Tag Archives: education

Self Esteem Cartoon

Having potential makes a fine breakfast, but a lousy dinner.

Barbara Smaller cartoon, from The New Yorker.

Is funny because ……  it holds a mirror to the adulteration of adulthood: our young adults come out of college with knowledge, some skills, and lots of self-esteem, but with a lack of direction and a lack of focus in what they plan to do with their talents and education. One part of the problem is that kids enter college with no focused major or work background beyond an expectation that they will be leaders when they graduate.

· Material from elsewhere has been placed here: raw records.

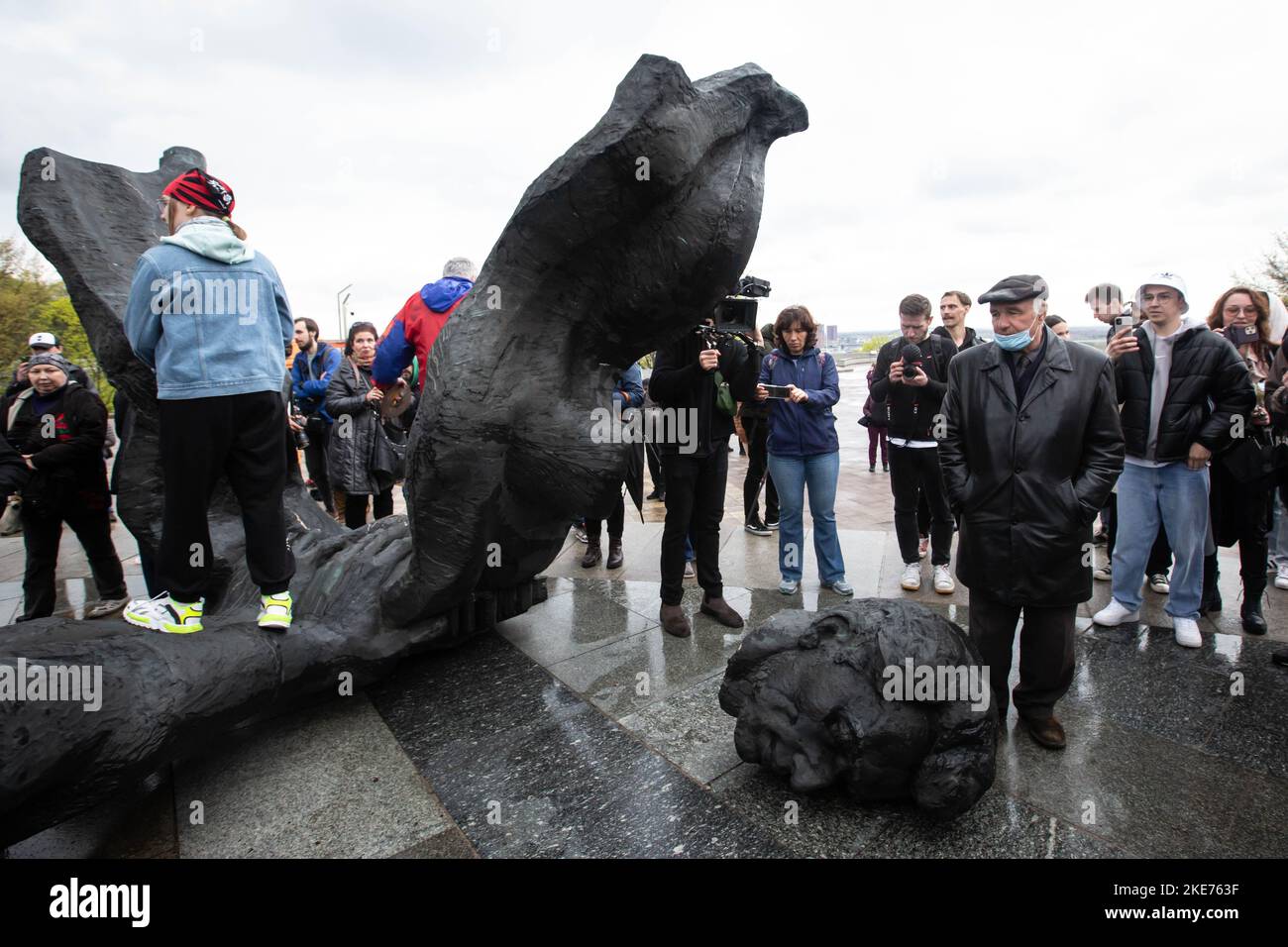 La gente mira el monumento soviético caído a una amistad entre las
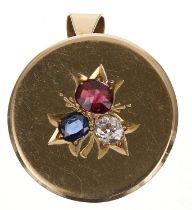 Victorian 18ct yellow gold circular pendant brooch, London 1885, set with a rose-cut ruby, old-cut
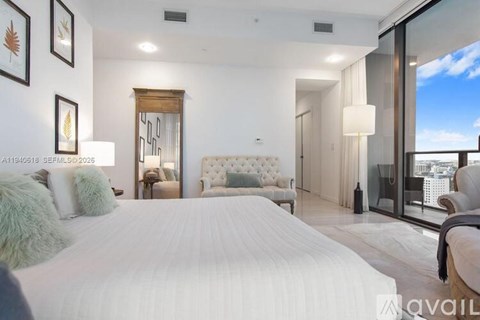 A bedroom with a large bed and a view of the city.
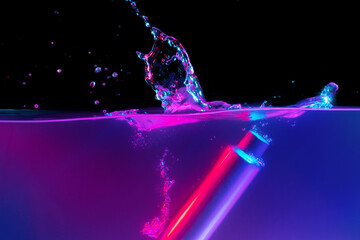 Skincare product bottle falling into water against black background in neon light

In a previous post I’d suggested that Detroit schools should teach shop as a way to build responsibility. On further reflection, most schools should require shop, or similar subjects where tangible products are produced and where quality of output is apparent and directly related to the student, e.g. classical music, representative art, automotive tuning. Responsibility is not well taught through creative writing or non-representative art, as here quality is in the eye of the beholder.

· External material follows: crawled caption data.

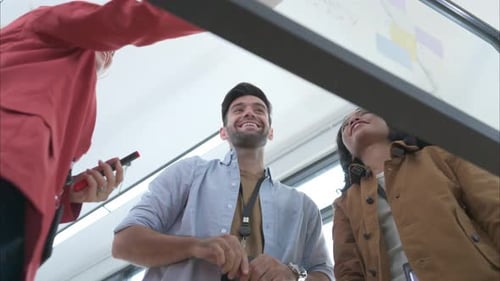 Team Brainstorms Ideas Together in Modern Office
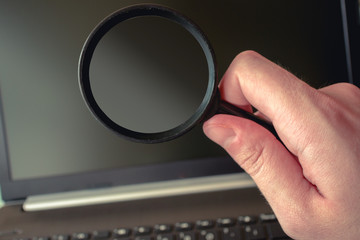 Simple photo of a magnifying glass in front of a laptop. Perfect for using it for search,...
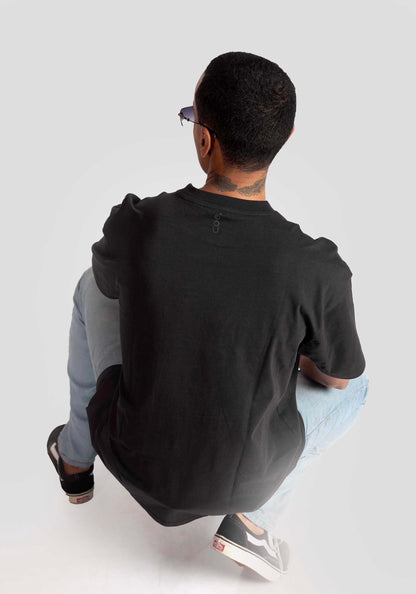 Man wearing black oversized graphic t-shirt from Stylera Lifestyle paired with light blue jeans and black sneakers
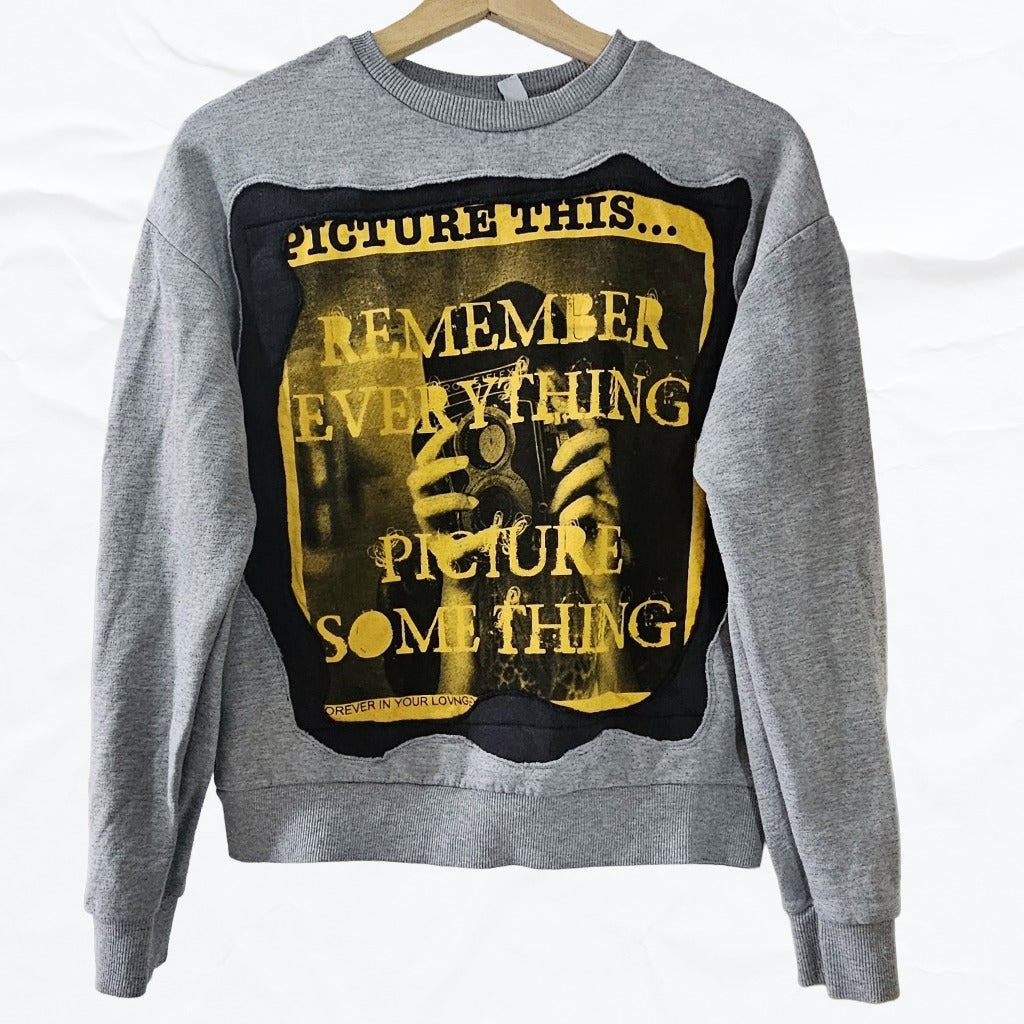 Upcycled Gray sweatshirt with a graphic design featuring text and a black and yellow color scheme.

My sense is that it’s not enough to teach a skill, you have to teach an aesthetic about the skill (Is this a good job), and a desire to put the skill to use. Two quotes of my own invention: “it’s not enough to teach a man how to fish, you have to teach him to actually do it, or he won’t even eat for a day.” Also, “Having potential makes a fine breakfast, but a lousy dinner” (if you use my quotes please quote me). If you don’t like these, here’s one from Peter Cooper, the founder of my undergraduate college. “The problem with Harvard and Yale is that they teach everything about doing honest business except that you are supposed to do it.”

by R.E. Buxbaum,  Sept 22, 2013; Here’s another personal relationship cartoon, and a thought about engineering job-choice.

Detroit Teachers are not paid too much

Detroit is bankrupt financially, but not because the public education teachers have negotiated rich contracts. If anything Detroit teachers are paid too little given the hardship of their work. The education problem in Detroit, I think, is with the quality of education, and of life. Parents leave Detroit, if they can afford it; students who can’t leave the city avoid the Detroit system by transferring to private schools, by commuting to schools in the suburbs, or by staying home. Fewer than half of Detroit students are in the Detroit public schools.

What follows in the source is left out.